Following the screening there was a Q&A with the Director Julia Marchese, UCSB Professor of Film and Media Studies Charles Wolfe, and UCSB Associate Professor of Film and Media Studies Ross Melnick.
Biographies
Director Julia Marchese
Julia Marchese is a former longtime employee of LA’s New Beverly Cinema. Out of Print was her directorial debut, created out her passion for and experience working at the historic arthouse theater. Aside from directing, she is an actress who has appeared in films such as The Perfect 46 (2014) and The Comedian at the Friday (2010).

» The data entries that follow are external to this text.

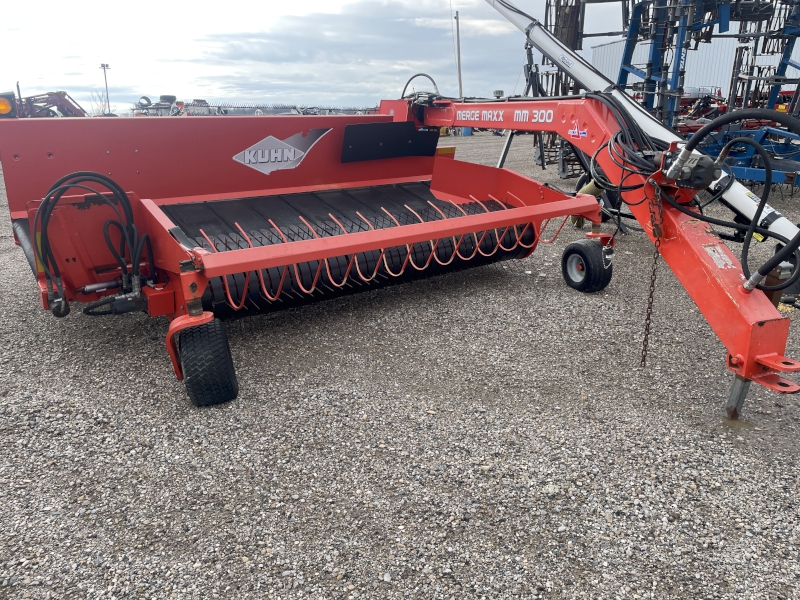 2013 Kuhn MM300 Windrow Merger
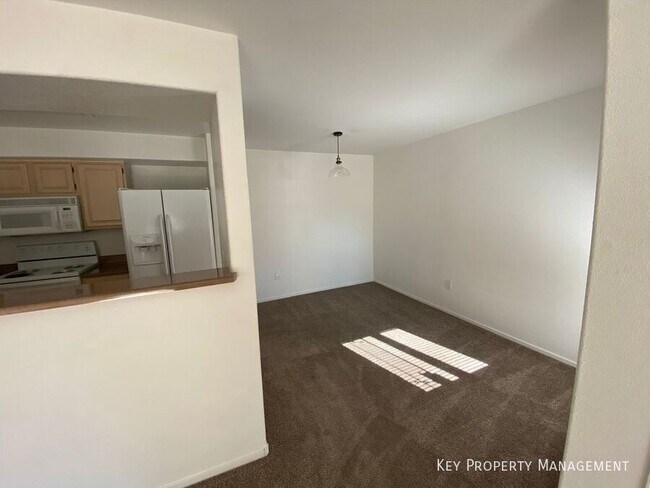 Building Photo - 555 E Silverado Ranch Blvd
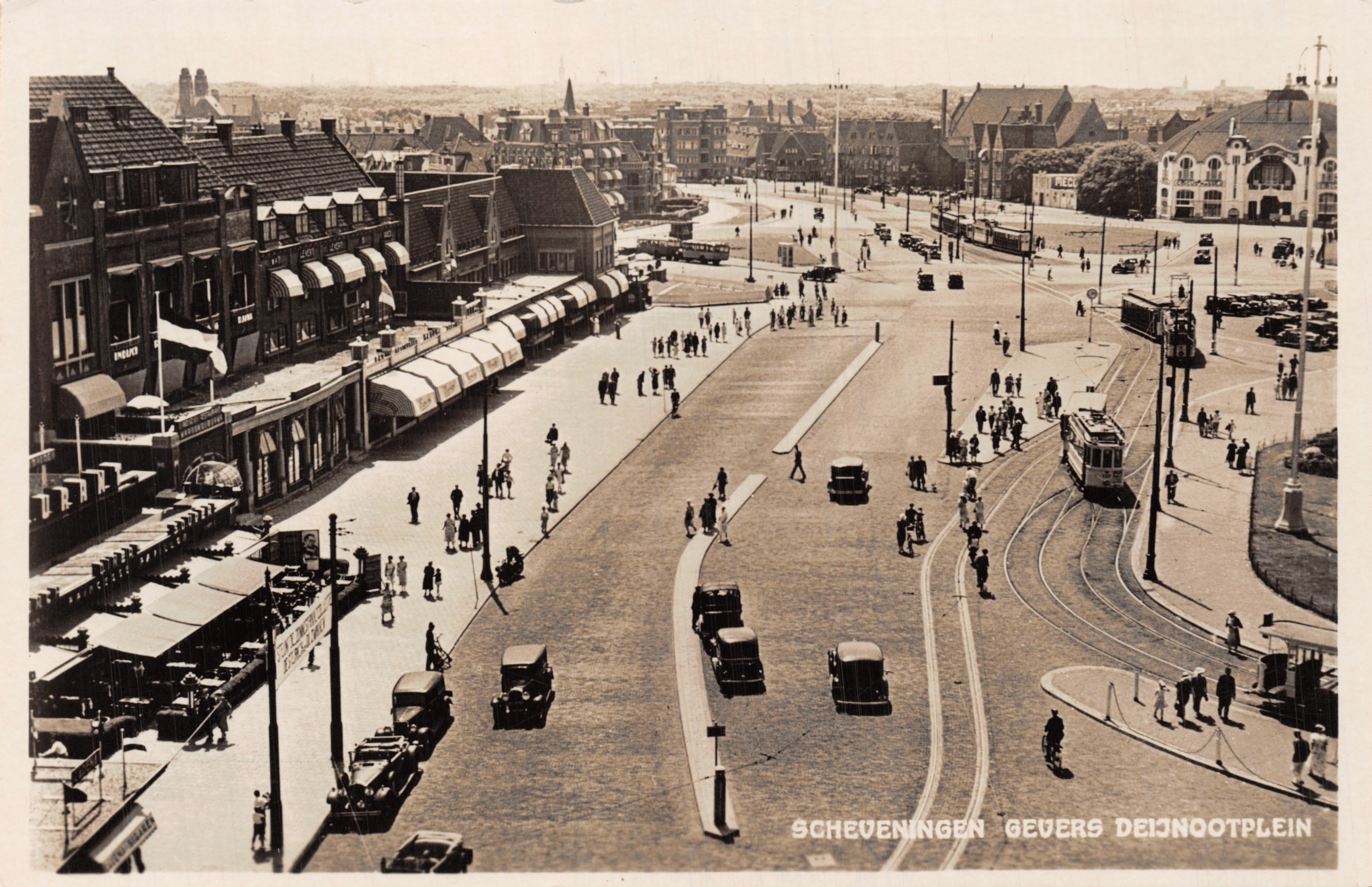 Scheveningen - Gevers Deijenootplein — vista panoramica con tram e automobili d'epoca, editore 'PHILCO' stampato in basso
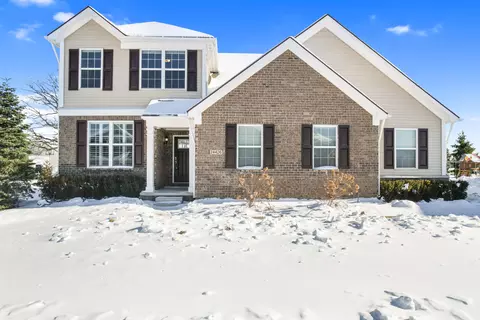 24426 Padstone Dr, South Lyon, MI 48178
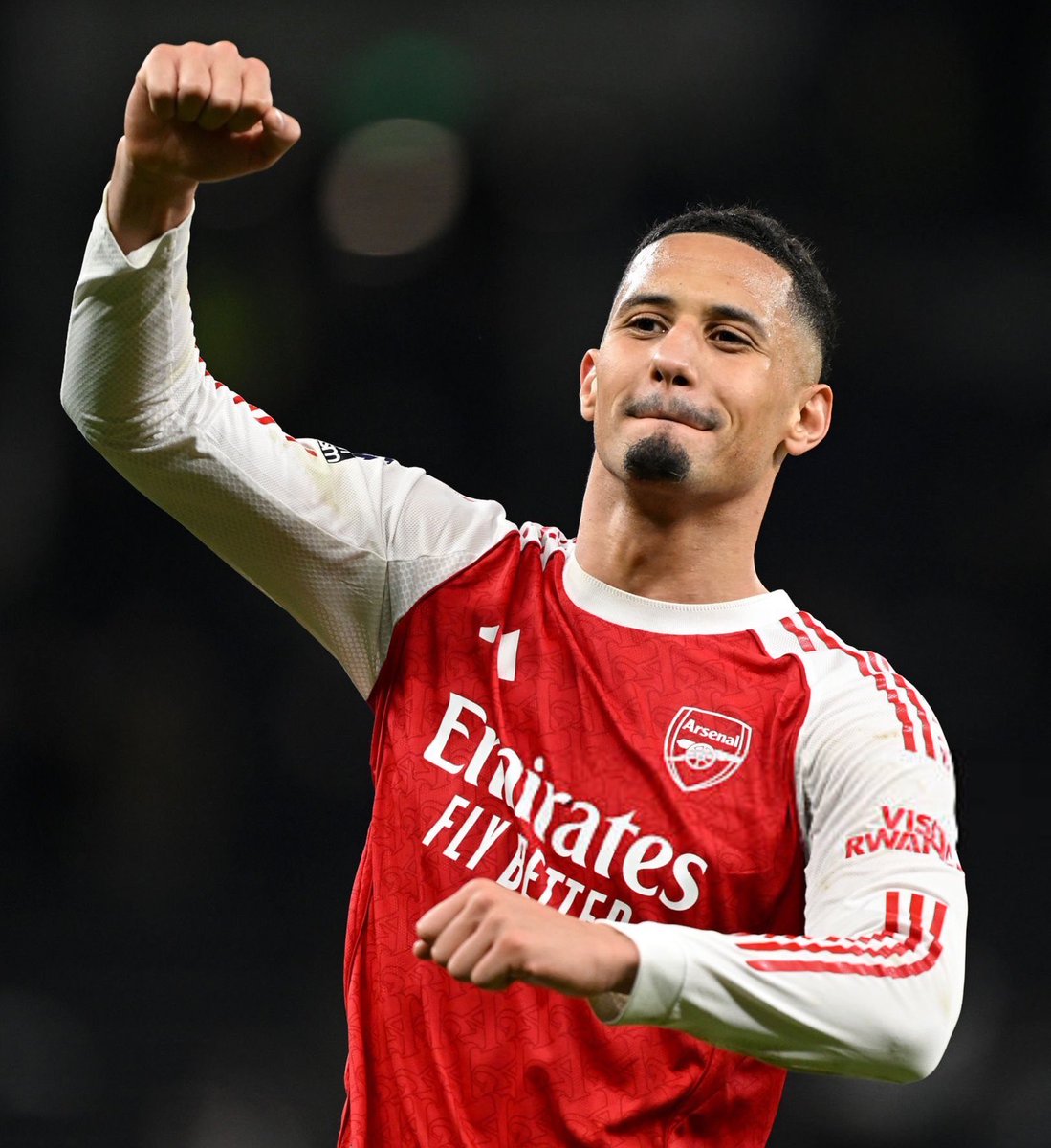 🚨| BREAKING untuk Arsenal menjelang laga Liga Champions!

William Saliba kemungkinan besar akan fit dan siap untuk leg pertama Liga Champions melawan Bayer Leverkusen pada hari Rabu 🇩🇪🔴⚪

Bek andalan Arteta ini mengalami cedera pergelangan kaki saat melawan Chelsea tetapi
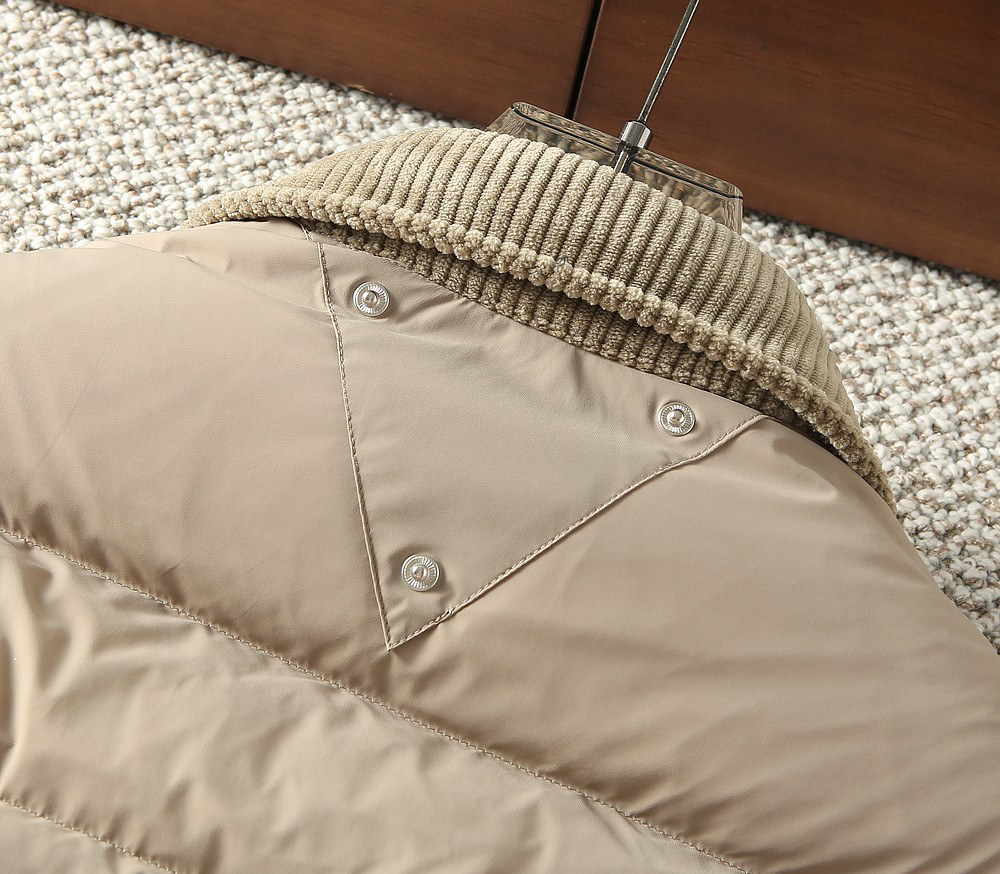 プラダ「Prada」秋冬ダウンジャケット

Co-Moderator Charles Wolfe
Charles Wolfe is Professor of Film & Media Studies, whose research and teaching interests include international film history and theory; American cinema and cultural history; documentary film and photography; historiography; archival studies; comedy performance; voice in cinema; and film sound. He is the author of two books on the films of director Frank Capra and has published widely on various aspects of the history of commercial, independent, and documentary filmmaking in the U.S. With Edward Branigan, he co-edits the American Film Institute’s Film Reader Series, which to date has published 30 volumes of new critical essays on topics of contemporary concern in film, television, and new media studies.

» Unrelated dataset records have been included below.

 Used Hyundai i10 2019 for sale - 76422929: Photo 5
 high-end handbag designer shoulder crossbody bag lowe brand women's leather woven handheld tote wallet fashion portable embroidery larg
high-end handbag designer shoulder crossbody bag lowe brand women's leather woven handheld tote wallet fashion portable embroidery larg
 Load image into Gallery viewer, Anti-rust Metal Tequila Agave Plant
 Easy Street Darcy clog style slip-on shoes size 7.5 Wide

A member of the Board of Directors of the Society for Cinema and Media Studies from 2006 to 2009, Wolfe also has served as a consulting scholar for the New York Center for Visual History’s American Cinema Project, as a member of the AFI’s Academic Advisory Council, and as a Rockefeller Fellow at the Wisconsin Center for Film and Theater Research. Wolfe received the Outstanding Pedagogy Award from the Society for Cinema and Media Studies in 2011, and is a past recipient of a Distinguished Teaching Award from the UCSB Academic Senate. He chaired the Department of Film and Media Studies from 1994 to 1998, and served as Associate Dean of Humanities and Fine Arts in the College of Letters and Science at UCSB from 2003 to 2008.
Co-Moderator Ross Melnick
Ross Melnick specializes in media industry history and analysis, film, radio, and television history, archival theory and practice, silent cinema, early radio and media convergence, newsfilm, and U.S. and global film exhibition. His most recent book is American Showman: Samuel ‘Roxy’ Rothafel and the Birth of the Entertainment Industry, 1908-1935 (Columbia University Press, 2012). His articles have been published in Cinema Journal, Film History, The Moving Image, and Historical Journal of Film, Radio and Television (forthcoming).

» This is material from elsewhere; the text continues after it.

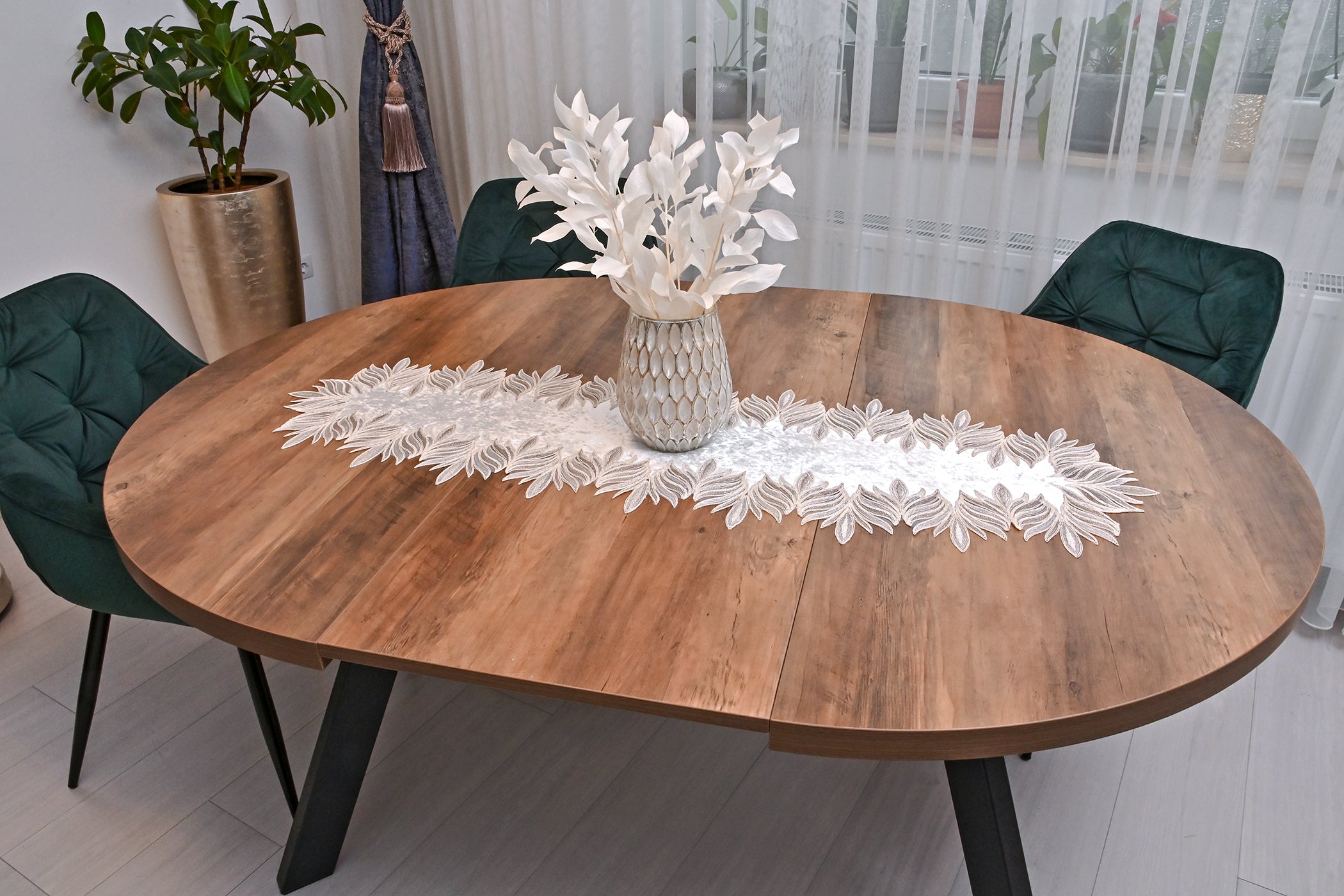 Lotus bársony asztali futó fehér színű, arany csipkével 40 x 120 cm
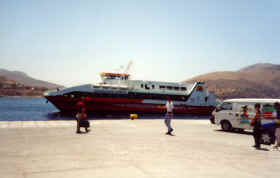 ferry4.jpg (108603 bytes)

This event is sponsored by the Carsey-Wolf Center and the Department of Film & Media Studies.
CWC Docs
The Carsey-Wolf Center is committed to screening documentaries from across the world that engage with contemporary and historical issues, especially regarding social justice and environmental concerns. Documentaries allow filmmakers to address pressing issues and frame the critical debates of our time.